UNITED STATES DISTRICT COURT SOUTHERN DISTRICT OF CALIFORNIA
October 4, 2007
NANCY BURKE, PLAINTIFF,
CITY OF EL CAJON, A MUNICIPAL CORPORATION; WILLIAM ROBERT TAYLOR, AN EL CAJON POLICE OFFICER, INDIVIDUALLY AND IN HIS CAPACITY AS AN OFFICER FOR THE CITY OF EL CAJON; AND DOES 1-50, INCLUSIVE, DEFENDANTS.
The opinion of the court was delivered by: Marilyn L. Huff, District Judge United States District Court
ORDER DENYING DEFENDANT CITY OF EL CAJON'S MOTION TO DISMISS
On August 15, 2007, plaintiff Nancy Burke ("Plaintiff") filed a complaint against defendants City of El Cajon ("City"), William Robert Taylor, and Does 1-50 alleging a claim for violation of her civil rights in violation of 42 U.S.C. § 1983, as well as state claims for sexual assault and battery, false imprisonment, intentional infliction of emotional distress, violating Plaintiff's right to be free from gender violence in violation of sections 51.7 et seq. and 52 et seq. of California's Civil Code, violating Plaintiff's right to be free from sexual harassment in violation of sections 51.9 et seq. of California's Civil Code, invasion of privacy, negligence, and negligent hiring, training, supervision and retention (the "state claims"). (Doc.
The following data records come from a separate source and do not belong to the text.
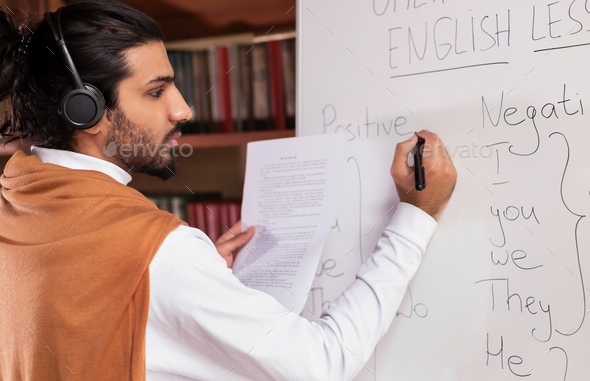 Arab Teacher Teaching English Writing Grammar Rules On Blackboard Indoors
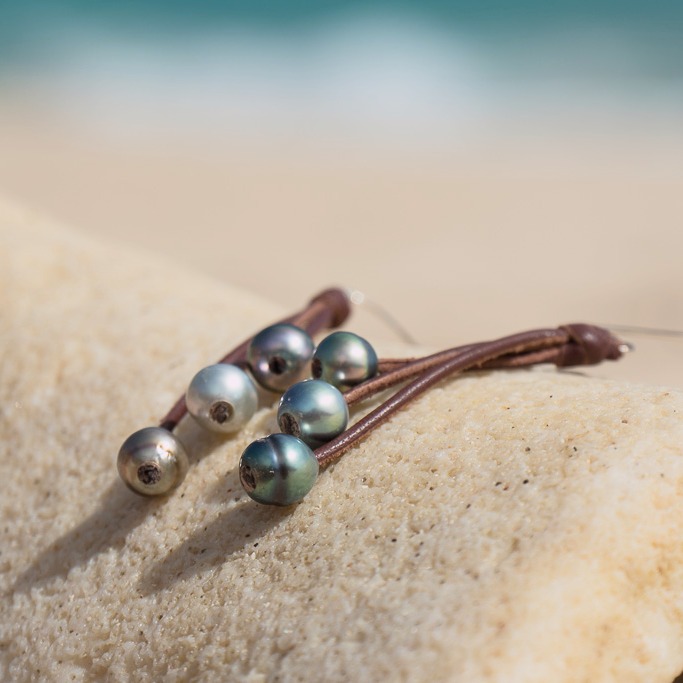 Leather earrings with six Tahitian pearls, in a natural still-life setting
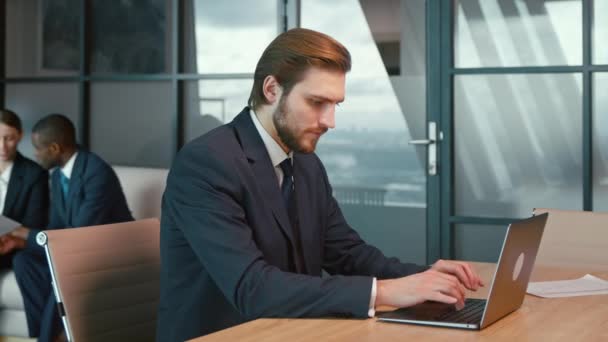 Werkende man in een pak met een laptop op kantoor. Jonge zakenman aan het werk — Stockvideo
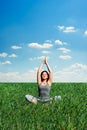 Beautiful young woman meditating at the meadow Royalty Free Stock Photo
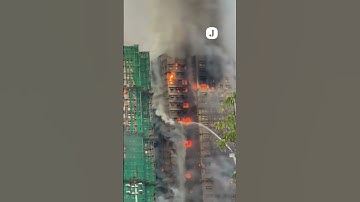 Four dead as fire rages through Hong Kong high-rise residential complex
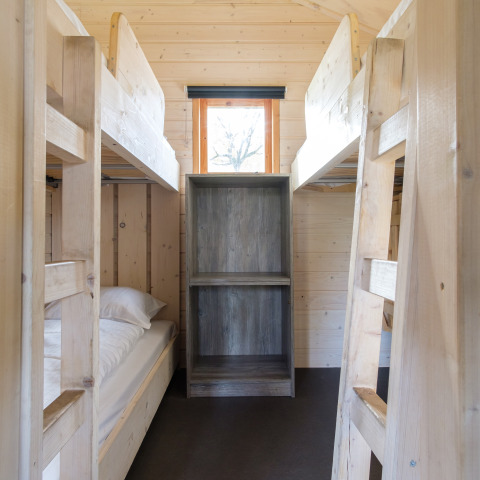 Wooden bunk beds and shelving inside a safari tent at Rheezerlodge, Kampeerdorp de Zandstuve, Netherlands.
No. 1.) On August 31, 2007, City filed a motion to dismiss all of Plaintiff's claims for being time-barred, and to dismiss Plaintiff's state claims pursuant to Plaintiff's failure to present her claims for damages against City within six months of the accrual of her causes of action as required by California's Tort Claims Act. (Doc. No. 5.) On September 24, 2007, Plaintiff filed an opposition to City's motion to dismiss. (Doc. No. 8.) On October 1, 2007, City filed a reply brief. (Doc. No. 10.)
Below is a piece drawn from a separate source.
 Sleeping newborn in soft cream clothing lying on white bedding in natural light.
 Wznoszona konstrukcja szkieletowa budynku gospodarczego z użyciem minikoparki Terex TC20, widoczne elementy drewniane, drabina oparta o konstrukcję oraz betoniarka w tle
The Court exercises its discretion, pursuant to Civil Local Rule 7.1(d)(1), to decide this motion on the papers. For the following reasons, the Court DENIES City's motion to dismiss Plaintiff's suit, WITHOUT PREJUDICE regarding City's ability to raise similar arguments in a motion for summary judgment.
In her complaint, Plaintiff alleges that on or about February 3, 2005, William Robert Taylor, at the time an on-duty police officer employed by City, knocked on the door of her van and indicated it was against the law to inhabit a vehicle as a residence on a city street. (Compl. ¶¶ 6, 10-11.) Taylor proceeded to tell Plaintiff to lay back, pull her pants down, and masturbate. (Id. ¶ 13.) Plaintiff complied with Taylor's request. (Id.) On March 28, 2007, Taylor was convicted in San Diego County Superior Court, case number SCD 196660, on charges of sexual penetration under color of authority, sexual battery, and requesting or taking a bribe. (Id. ¶ 15.)
Plaintiff alleges that on or about May 7, 2007, she presented a claim for damages against City and Taylor, and that on May 10, 2007, City issued a denial of Plaintiff's claim. (Id. ¶ 19.) On August 15, 2007, Plaintiff filed a complaint in the instant suit. On August 31, 2007, City filed a motion to dismiss Plaintiff's claims against it.
I. Request for Judicial Notice and Incorporation by Reference Doctrine
Attached to its motion to dismiss, City submitted a request that the Court take judicial notice of Plaintiff's "Application for Leave to Present Late Claim," dated May 7, 2007,*fn1 and City's letter to Plaintiff denying her leave to present a late claim, dated May 10, 2007.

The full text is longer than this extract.